In some ways, I feel more washed-up than any senior could. I was explaining to some of my wilderkids (I was a leader for Tufts Wilderness Orientation) why junior year is so weird; you see, as a freshman, everything is so new and exciting, and there is so much to learn and experience. As a sophomore, you have a better grip on the whole college thing, and you aren’t a freshman anymore, which is cool in and of itself. Seniors are pretty much living the dream as monarchs of the school, finalizing their Tufts bucket lists as they wrap up their college career. But Juniors… we’re smack dab in the middle. 2 years down, 2 to go. Nothing is really new anymore, friend groups have already been established, and at this point everyone has just sort of settled into a routine. Most of us are just starting to delve into the meaty parts of our majors—the requirements, the tough stuff, the classes that aren’t exactly fun. Junior year is weird, to say the least.

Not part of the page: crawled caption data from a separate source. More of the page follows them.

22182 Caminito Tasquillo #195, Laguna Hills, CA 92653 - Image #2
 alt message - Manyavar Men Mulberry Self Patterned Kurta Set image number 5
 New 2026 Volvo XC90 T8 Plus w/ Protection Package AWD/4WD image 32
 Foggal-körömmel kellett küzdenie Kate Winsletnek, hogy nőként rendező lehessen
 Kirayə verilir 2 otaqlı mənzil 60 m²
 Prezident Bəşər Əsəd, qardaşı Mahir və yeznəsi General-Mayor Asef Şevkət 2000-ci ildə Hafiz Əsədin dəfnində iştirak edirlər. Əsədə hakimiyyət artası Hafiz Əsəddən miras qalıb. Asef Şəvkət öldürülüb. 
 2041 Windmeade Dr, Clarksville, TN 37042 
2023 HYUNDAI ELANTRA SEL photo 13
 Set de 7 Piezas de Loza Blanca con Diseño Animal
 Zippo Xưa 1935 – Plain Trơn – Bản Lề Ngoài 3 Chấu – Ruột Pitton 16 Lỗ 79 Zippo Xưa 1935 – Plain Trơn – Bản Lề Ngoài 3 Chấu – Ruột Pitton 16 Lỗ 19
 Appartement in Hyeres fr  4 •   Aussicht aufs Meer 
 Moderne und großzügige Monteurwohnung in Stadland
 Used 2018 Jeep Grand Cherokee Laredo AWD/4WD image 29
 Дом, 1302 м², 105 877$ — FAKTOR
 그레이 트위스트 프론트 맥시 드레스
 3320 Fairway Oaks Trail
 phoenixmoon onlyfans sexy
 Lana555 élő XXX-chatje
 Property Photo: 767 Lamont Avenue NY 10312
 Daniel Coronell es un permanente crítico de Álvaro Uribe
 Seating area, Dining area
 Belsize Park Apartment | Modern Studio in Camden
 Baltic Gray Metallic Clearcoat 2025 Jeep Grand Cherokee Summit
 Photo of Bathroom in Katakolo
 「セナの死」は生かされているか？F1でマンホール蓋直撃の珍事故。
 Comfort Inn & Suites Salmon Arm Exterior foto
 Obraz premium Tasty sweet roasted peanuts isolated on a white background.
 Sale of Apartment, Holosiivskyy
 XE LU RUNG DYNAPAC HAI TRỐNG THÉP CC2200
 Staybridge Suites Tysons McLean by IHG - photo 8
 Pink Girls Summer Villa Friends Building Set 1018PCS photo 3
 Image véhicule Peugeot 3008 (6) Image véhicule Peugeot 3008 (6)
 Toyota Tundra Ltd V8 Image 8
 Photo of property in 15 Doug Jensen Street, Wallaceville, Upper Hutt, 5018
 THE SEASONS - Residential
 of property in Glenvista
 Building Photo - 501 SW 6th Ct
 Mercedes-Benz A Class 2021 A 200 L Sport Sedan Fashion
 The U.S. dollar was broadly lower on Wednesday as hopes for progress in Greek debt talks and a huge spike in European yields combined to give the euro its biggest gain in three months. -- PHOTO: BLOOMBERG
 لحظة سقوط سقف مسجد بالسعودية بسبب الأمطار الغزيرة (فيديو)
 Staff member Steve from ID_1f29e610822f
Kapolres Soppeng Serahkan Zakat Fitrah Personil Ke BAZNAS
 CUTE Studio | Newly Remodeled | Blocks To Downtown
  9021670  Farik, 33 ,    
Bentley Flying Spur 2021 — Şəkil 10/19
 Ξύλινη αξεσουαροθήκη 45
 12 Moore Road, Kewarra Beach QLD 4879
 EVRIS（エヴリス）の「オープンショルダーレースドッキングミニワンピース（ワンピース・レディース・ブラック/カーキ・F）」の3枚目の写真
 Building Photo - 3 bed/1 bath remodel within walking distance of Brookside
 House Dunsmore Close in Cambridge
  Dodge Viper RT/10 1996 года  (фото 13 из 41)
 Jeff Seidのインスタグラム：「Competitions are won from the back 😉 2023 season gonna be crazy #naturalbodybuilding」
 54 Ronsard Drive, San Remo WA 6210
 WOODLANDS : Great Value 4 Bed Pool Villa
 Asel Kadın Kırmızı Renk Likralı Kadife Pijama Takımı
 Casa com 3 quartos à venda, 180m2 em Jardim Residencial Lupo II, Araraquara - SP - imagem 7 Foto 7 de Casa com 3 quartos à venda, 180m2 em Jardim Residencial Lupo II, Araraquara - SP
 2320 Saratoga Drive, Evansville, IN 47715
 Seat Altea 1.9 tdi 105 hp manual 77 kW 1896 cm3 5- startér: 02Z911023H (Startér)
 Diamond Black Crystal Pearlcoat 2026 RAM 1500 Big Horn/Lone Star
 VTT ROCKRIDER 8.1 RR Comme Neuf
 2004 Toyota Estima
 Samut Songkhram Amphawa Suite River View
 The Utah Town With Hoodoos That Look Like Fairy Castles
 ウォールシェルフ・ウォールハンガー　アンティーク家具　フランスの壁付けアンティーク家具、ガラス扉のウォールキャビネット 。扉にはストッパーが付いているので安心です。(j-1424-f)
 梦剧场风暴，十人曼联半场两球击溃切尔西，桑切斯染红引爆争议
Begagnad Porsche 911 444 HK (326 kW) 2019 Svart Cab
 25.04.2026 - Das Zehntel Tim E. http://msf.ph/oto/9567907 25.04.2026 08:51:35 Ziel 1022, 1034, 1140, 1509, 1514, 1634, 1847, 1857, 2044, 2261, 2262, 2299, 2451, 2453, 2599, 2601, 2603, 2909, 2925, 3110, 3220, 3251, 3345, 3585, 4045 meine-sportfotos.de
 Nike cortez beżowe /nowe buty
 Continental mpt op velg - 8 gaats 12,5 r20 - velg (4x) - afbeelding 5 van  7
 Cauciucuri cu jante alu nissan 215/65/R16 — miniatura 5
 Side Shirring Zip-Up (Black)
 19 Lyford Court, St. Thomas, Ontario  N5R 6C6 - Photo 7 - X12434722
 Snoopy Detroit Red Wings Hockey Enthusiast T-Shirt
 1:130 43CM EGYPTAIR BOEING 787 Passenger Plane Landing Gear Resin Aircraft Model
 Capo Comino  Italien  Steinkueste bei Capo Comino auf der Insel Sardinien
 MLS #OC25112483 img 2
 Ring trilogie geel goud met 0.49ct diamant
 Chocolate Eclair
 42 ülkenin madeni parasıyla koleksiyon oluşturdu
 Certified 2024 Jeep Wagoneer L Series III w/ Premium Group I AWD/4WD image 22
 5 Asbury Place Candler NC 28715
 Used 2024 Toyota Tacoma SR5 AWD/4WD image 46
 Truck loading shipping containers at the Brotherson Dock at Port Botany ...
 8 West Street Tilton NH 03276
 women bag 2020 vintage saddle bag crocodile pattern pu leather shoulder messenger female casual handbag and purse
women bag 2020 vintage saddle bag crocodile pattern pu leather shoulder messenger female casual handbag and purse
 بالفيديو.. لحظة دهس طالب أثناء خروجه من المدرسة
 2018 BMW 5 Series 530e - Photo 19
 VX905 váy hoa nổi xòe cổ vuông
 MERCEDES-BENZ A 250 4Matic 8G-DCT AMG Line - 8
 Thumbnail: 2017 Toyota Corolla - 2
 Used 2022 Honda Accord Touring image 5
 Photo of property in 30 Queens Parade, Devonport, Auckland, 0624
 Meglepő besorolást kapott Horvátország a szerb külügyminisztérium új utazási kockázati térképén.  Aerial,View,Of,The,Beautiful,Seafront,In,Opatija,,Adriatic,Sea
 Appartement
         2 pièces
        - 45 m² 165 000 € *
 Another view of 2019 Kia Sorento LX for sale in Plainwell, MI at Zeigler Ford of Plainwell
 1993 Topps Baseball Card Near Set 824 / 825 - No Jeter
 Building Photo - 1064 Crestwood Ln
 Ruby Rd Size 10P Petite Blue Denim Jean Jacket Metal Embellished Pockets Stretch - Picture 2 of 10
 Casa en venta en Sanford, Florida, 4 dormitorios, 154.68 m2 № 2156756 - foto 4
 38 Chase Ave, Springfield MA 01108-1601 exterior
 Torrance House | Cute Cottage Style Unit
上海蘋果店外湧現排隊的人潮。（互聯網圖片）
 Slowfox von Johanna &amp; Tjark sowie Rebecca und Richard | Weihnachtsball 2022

Right now in my life, I’ve never felt so in limbo. I feel as though I’m sort of just existing, drifting on autopilot through the same old stuff I’ve always been doing. I remember at the beginning of Sophomore year, I wrote a blog post on here and ended it with the line “here’s to an amazing, over-scheduled, unreasonably exciting sophomore year.” It’s pretty amazing to look back and see how much has changed since then; how much I’ve grown, how much I’ve learned, and what is yet to come.
Perhaps I sound a bit like a Debby Downer, but I’m honestly just curious to see what this year will be like. My co-leader for T.W.O. told me a few weeks ago that this year will be “the year of Soss [my nickname],” but I can’t help wonder exactly what that means. I think I’ll just take it as the year I really evaluate how my college experience has been thus far, and what I want to work on. The number one priority for me right now is to focus on myself and my existence outside of Tufts—because it’s easy to forget that while I am a Tufts student, I’m also a regular adult, living in a house and shopping for groceries and trying to get a job. It’s a strange balance, but I think I’m ready to take it on.